Polyp segmentation in colonoscopy is crucial for detecting colorectal cancer. However, it is challenging due to variations in the structure, color, and size of polyps, as well as the lack of clear boundaries with surrounding tissues. Traditional segmentation models based on Convolutional Neural Networks (CNNs) struggle to capture detailed patterns and global context, limiting their performance. Vision Transformer (ViT)-based models address some of these issues but have difficulties in capturing local context and lack strong zero-shot generalization. To this end, we propose the Mamba-guided Segment Anything Model (SAM-Mamba) for efficient polyp segmentation. Our approach introduces a Mamba-Prior module in the encoder to bridge the gap between the general pre-trained representation of SAM and polyp-relevant trivial clues.
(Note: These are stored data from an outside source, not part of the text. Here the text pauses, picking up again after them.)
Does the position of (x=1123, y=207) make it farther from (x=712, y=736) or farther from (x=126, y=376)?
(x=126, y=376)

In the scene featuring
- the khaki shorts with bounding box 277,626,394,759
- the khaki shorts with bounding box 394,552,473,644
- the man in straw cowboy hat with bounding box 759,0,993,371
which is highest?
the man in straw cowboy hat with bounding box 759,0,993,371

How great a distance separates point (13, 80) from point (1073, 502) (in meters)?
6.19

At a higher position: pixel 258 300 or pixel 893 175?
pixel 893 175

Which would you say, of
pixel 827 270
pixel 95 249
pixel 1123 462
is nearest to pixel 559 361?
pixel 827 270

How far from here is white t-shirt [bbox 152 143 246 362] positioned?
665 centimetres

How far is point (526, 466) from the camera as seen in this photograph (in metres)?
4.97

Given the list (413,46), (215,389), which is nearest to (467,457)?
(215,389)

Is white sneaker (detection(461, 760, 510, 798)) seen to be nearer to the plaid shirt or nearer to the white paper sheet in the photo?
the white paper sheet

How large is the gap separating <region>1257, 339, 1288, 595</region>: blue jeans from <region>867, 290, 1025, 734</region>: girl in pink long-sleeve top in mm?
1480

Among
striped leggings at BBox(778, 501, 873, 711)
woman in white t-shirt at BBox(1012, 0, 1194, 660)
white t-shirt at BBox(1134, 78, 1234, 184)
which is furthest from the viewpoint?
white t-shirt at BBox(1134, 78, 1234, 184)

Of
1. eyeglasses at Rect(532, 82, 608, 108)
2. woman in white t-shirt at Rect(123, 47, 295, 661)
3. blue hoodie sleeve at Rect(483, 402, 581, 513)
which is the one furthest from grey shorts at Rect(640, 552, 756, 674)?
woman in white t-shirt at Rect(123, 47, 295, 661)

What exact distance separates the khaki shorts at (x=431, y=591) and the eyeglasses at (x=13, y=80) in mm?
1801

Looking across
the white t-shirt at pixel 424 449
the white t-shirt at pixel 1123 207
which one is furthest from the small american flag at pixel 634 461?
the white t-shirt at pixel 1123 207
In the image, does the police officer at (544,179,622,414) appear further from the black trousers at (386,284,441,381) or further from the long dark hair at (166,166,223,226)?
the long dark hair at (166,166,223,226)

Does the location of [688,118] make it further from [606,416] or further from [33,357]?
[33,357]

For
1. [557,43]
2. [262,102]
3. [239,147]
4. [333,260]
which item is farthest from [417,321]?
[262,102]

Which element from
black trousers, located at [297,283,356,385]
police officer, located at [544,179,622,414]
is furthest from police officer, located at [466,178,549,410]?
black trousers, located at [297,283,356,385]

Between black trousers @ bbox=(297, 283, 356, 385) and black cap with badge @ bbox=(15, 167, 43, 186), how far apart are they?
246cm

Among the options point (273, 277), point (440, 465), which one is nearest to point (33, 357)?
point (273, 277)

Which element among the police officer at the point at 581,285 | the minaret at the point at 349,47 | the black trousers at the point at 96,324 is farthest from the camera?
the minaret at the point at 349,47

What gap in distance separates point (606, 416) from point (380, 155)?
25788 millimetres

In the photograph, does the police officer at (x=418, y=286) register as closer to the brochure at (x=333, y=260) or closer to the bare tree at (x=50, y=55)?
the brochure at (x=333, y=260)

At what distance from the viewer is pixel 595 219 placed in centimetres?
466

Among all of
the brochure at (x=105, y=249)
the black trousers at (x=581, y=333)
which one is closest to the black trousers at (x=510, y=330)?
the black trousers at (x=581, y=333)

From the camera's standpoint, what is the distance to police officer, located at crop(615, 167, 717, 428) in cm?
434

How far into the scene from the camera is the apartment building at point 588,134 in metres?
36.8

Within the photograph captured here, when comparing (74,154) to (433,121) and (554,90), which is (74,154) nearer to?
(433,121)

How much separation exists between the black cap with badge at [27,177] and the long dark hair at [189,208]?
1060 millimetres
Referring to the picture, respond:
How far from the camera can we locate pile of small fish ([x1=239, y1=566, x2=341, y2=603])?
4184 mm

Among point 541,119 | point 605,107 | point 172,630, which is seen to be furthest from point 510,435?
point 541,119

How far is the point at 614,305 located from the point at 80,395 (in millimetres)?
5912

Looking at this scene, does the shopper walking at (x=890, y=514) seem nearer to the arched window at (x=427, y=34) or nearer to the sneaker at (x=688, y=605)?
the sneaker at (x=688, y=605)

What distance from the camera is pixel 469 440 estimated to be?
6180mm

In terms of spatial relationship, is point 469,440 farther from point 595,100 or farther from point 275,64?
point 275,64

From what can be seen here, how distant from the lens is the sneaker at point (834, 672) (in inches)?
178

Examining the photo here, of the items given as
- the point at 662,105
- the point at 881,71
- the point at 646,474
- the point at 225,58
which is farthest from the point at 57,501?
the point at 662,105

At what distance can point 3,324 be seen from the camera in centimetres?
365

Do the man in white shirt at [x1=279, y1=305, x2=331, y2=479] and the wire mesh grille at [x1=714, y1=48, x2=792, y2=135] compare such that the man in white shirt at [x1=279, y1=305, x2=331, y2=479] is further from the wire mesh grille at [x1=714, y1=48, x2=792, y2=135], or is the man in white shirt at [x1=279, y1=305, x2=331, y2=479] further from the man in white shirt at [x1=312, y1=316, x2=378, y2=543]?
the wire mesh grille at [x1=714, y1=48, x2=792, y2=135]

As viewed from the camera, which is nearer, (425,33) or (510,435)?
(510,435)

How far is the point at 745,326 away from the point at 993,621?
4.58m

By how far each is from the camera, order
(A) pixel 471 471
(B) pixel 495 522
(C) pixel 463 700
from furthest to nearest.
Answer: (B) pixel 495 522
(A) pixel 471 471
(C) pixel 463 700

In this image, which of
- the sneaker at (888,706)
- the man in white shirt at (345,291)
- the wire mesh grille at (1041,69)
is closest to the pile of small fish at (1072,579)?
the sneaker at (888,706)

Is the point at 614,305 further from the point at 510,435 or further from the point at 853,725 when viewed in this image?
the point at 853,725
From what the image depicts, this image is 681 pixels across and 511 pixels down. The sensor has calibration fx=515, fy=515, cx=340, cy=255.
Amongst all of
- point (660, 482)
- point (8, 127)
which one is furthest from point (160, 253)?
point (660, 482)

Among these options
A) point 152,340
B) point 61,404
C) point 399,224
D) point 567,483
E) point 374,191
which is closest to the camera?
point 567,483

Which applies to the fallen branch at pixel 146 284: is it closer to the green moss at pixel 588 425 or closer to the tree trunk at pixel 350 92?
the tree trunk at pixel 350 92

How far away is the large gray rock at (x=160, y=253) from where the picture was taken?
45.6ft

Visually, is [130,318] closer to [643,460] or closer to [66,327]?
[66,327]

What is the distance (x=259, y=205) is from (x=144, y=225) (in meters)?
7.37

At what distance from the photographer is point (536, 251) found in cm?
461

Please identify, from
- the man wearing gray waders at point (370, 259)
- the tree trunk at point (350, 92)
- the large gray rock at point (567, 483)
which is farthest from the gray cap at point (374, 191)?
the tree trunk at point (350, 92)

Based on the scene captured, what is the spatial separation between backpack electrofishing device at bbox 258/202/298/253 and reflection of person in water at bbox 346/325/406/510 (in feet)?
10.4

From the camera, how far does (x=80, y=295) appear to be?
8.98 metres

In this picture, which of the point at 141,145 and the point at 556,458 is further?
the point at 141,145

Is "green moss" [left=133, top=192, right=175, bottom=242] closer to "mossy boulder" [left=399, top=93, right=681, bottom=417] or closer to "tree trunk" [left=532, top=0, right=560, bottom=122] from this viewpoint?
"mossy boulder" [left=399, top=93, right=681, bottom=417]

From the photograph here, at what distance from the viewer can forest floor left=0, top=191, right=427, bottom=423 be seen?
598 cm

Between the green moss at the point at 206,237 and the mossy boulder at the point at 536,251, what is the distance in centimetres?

It injects salient cues of polyp images into the SAM image encoder as a domain prior while capturing global dependencies at various scales, leading to more accurate segmentation results. Extensive experiments on five benchmark datasets show that SAM-Mamba outperforms traditional CNN, ViT, and Adapter-based models in both quantitative and qualitative measures. Additionally, SAM-Mamba demonstrates excellent adaptability to unseen datasets, making it highly suitable for real-time clinical use.

Paper Structure

This paper contains 25 sections, 5 equations, 4 figures, 5 tables.

Figures (4)

  • Figure 1: Overview of the SAM-Mamba framework for polyp segmentation. The architecture constitutes the SAM backbone with the Mamba-Prior module and Adapter-based fine-tuning to enhance adaptability for polyp segmentation, addressing challenges like zero-shot feature transfer-ability, computational cost, and prompt dependency in SAM.
  • Figure 2: Qualitative comparison on seen datasets (Kvasir-SEG and CVC-ClinicDB), showcasing the model's ability to accurately segment polyps across diverse sizes, textures, and homogeneous regions.
  • Figure 3: Qualitative comparison on unseen datasets (CVC-300, CVC-ColonDB, and ETIS), highlighting the model's superior generalization capabilities to accurately segment polyps of various sizes, textures, and homogeneous regions.
  • Figure 4: Illustration of the sequence learning progression within the SAM-Mamba model through a set of heatmap visualizations: the input image is followed by a set of encoder extracted features, the encoder's extracted mask, the decoder refined features, the refined segmentation mask, and the ground truth.